TASK TO CARRY OUT:
Pictures excluded, output the lines of the data below between the one holding "Εισαγγελική παρέμβαση για" and the one holding "ZESTAW DLA PARY KOSZULKI DLA PAR 1.jpg", inclusive, exactly as they stand.

RECORDS FOR THIS EXERCISE:
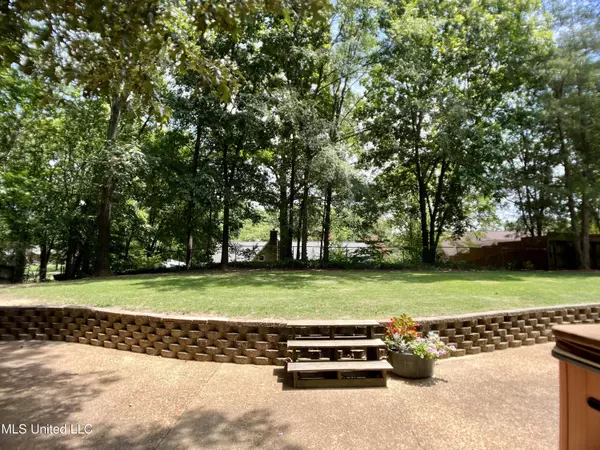 Nesbit, MS 38651,2654 Birch Island Drive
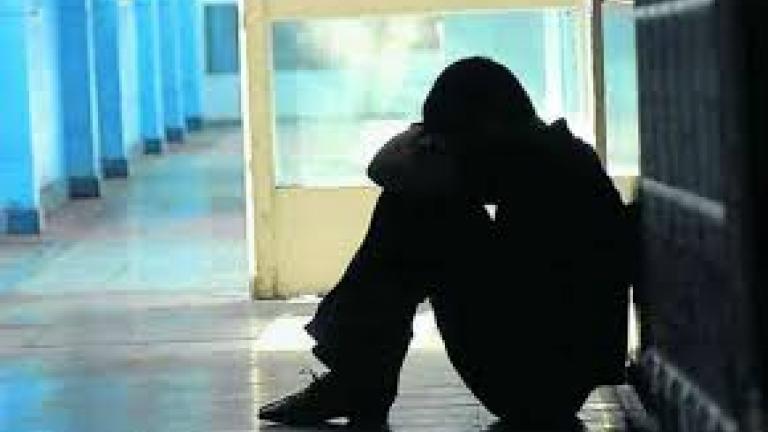 Εισαγγελική παρέμβαση για την αυτοκτονία του 14χρονου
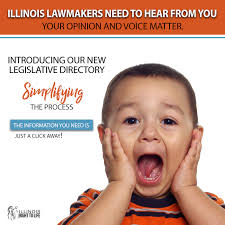 Illinois Right to Life Action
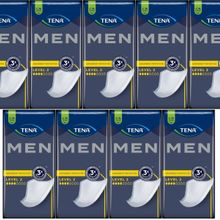 Tena Men Level 2 180 Adet Erkek Mesane Pedi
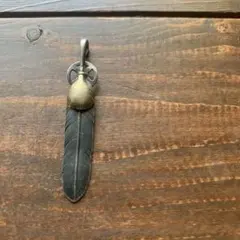 Item thumbnail for item 966d4990-b5b4-4716-bb69-09940c446a6a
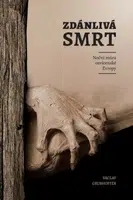 Zdánlivá smrt - Václav Grubhoffer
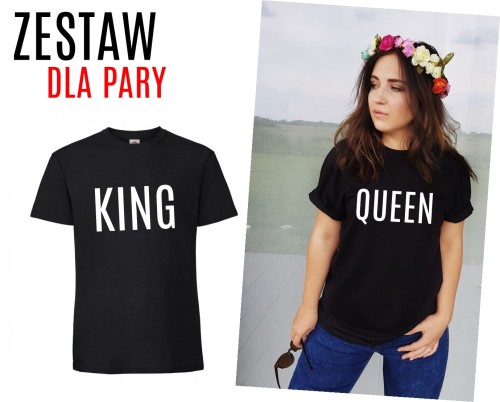 ZESTAW DLA PARY KOSZULKI DLA PAR 1.jpg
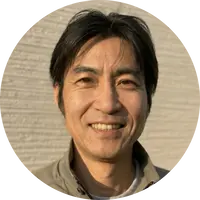 プロの技術でご満足いただけるように心を込めて作業いたします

TASK SOLUTION:
 Εισαγγελική παρέμβαση για την αυτοκτονία του 14χρονου
 Illinois Right to Life Action
 Tena Men Level 2 180 Adet Erkek Mesane Pedi
 Item thumbnail for item 966d4990-b5b4-4716-bb69-09940c446a6a
 Zdánlivá smrt - Václav Grubhoffer
 ZESTAW DLA PARY KOSZULKI DLA PAR 1.jpg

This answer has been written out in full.